There is to-day no doubt whatever that the Iron Heel was
responsible for the bomb that exploded in the House of
Representatives in 1913 A.D. Even though the Pervaise
confession had never come to light, no reasonable doubt
could obtain; for the act in question, that sent fifty-two
Congressmen to prison, was on a par with countless other
acts committed by the oligarchs, and, before them, by the
capitalists.
There is the classic instance of the ferocious and wanton
judicial murder of the innocent and so-called Haymarket
Anarchists in Chicago in the penultimate decade of the
nineteenth century A.D. In a category by itself is the
deliberate burning and destruction of capitalist property by
the capitalists themselves. For such destruction of
property innocent men were frequently punished—“railroaded”

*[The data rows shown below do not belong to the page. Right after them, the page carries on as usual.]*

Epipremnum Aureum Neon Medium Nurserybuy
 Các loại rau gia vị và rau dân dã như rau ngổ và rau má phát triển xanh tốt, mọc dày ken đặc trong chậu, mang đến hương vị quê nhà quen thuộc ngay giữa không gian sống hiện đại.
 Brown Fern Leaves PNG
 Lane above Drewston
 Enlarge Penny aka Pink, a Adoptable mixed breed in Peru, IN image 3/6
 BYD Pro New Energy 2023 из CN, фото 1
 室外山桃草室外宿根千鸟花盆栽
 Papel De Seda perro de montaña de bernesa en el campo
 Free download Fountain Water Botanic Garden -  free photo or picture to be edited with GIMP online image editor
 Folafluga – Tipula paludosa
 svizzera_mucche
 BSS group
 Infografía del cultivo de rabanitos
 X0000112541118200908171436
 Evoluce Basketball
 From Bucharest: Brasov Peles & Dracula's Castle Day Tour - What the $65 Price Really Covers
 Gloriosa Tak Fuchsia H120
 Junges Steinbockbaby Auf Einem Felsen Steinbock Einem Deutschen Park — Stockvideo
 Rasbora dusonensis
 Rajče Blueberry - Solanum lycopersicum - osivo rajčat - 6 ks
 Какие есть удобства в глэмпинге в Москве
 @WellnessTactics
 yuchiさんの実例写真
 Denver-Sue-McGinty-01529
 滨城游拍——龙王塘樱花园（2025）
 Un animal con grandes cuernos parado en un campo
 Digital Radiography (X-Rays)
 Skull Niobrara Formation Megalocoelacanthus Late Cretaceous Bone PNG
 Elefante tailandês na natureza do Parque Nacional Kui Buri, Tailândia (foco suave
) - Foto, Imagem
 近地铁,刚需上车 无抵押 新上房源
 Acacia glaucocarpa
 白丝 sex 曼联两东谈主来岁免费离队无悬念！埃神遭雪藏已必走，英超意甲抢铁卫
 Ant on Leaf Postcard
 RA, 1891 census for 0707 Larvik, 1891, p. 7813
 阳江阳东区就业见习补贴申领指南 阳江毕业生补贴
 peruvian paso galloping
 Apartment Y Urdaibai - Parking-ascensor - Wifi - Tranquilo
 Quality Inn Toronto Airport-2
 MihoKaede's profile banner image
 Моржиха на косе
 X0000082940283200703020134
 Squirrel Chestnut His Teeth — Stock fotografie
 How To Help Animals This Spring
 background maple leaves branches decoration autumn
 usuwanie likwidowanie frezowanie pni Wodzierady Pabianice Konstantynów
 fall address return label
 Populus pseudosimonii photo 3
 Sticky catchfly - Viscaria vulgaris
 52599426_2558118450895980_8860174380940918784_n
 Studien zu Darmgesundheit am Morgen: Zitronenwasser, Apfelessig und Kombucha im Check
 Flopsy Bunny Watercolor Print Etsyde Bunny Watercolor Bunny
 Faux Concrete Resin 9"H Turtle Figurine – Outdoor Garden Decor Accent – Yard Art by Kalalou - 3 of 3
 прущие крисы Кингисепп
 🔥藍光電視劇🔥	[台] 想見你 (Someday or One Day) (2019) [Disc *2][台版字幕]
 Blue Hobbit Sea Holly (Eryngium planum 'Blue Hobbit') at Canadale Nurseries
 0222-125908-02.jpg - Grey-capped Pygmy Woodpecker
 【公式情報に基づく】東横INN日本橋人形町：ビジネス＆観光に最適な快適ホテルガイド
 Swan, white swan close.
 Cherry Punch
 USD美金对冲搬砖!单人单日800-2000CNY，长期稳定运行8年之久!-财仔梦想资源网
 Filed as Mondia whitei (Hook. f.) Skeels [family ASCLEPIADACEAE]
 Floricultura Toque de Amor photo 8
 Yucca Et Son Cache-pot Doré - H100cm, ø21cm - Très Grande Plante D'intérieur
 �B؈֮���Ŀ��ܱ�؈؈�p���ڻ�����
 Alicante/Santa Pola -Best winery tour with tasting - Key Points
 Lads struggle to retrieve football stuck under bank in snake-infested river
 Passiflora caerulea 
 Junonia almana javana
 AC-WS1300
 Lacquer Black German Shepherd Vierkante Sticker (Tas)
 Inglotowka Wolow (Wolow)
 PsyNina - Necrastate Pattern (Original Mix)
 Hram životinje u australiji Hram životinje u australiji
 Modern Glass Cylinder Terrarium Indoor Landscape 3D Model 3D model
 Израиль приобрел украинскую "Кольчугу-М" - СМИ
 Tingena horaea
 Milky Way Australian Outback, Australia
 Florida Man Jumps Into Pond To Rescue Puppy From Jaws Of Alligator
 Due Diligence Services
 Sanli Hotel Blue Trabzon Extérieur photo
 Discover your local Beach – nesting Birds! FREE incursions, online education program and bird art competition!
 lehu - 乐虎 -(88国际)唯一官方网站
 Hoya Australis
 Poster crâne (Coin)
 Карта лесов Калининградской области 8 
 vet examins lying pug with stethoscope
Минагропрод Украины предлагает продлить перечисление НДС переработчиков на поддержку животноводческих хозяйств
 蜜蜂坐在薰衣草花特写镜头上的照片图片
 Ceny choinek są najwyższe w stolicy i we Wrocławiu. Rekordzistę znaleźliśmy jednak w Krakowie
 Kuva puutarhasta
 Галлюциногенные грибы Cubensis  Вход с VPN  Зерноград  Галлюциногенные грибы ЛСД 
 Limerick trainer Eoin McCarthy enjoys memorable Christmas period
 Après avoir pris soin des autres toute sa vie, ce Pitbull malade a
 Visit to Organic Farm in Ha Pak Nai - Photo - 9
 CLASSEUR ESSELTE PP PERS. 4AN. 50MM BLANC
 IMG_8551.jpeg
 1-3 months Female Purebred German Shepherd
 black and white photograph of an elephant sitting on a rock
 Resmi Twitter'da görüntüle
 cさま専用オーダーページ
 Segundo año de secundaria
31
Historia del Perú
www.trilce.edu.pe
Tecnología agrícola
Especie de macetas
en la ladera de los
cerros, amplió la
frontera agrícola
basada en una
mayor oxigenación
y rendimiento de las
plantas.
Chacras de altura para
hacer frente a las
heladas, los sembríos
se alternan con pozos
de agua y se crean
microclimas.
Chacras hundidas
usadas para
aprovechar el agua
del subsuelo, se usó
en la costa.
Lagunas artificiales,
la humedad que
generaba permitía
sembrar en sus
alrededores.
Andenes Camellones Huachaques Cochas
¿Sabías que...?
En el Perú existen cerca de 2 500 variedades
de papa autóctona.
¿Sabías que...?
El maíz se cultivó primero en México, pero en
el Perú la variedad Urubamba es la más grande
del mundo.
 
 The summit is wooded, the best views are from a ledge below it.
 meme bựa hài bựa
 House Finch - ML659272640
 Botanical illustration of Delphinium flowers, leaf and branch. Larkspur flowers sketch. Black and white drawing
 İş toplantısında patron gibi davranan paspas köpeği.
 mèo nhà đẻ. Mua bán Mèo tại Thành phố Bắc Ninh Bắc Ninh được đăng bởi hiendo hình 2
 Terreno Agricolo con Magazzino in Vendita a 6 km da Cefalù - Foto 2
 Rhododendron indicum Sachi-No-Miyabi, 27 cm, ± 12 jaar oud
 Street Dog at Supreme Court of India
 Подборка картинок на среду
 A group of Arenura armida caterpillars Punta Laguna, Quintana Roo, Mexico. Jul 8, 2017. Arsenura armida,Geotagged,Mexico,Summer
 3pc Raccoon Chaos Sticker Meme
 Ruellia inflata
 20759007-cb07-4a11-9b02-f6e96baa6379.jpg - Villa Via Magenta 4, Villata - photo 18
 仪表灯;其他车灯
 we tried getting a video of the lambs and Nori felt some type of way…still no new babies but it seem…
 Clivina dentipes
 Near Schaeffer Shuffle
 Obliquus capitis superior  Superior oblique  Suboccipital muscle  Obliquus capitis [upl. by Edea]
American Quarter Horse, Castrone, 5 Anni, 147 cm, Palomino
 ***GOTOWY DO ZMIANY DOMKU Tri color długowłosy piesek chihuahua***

in the parlance of the times.
In the labor troubles of the first decade of the twentieth
century A.D., between the capitalists and the Western
Federation of Miners, similar but more bloody tactics were
employed. The railroad station at Independence was blown up
by the agents of the capitalists. Thirteen men were killed,
and many more were wounded. And then the capitalists,
controlling the legislative and judicial machinery of the
state of Colorado, charged the miners with the crime and
came very near to convicting them. Romaines, one of the
tools in this affair, like Pervaise, was lying in jail in
another state, Kansas, awaiting trial, when he was
approached by the agents of the capitalists. But, unlike
Pervaise the confession of Romaines was made public in his
own time.
Then, during this same period, there was the case of Moyer
and Haywood, two strong, fearless leaders of labor. One was
president and the other was secretary of the Western
Federation of Miners. The ex-governor of Idaho had been
mysteriously murdered. The crime, at the time, was openly
charged to the mine owners by the socialists and miners.
Nevertheless, in violation of the national and state
constitutions, and by means of conspiracy on the parts of
the governors of Idaho and Colorado, Moyer and Haywood were
kidnapped, thrown into jail, and charged with the murder.
It was this instance that provoked from Eugene V. Debs,
national leader of the American socialists at the time, the
following words: “The labor leaders that cannot be bribed
nor bullied, must be ambushed and murdered. The only crime
of Moyer and Haywood is that they have been unswervingly
true to the working class. The capitalists have stolen our
country, debauched our politics, defiled our judiciary, and
ridden over us rough-shod, and now they propose to murder
those who will not abjectly surrender to their brutal
dominion. The governors of Colorado and Idaho are but
executing the mandates of their masters, the Plutocracy.
The issue is the Workers versus the Plutocracy. If they
strike the first violent blow, we will strike the last.”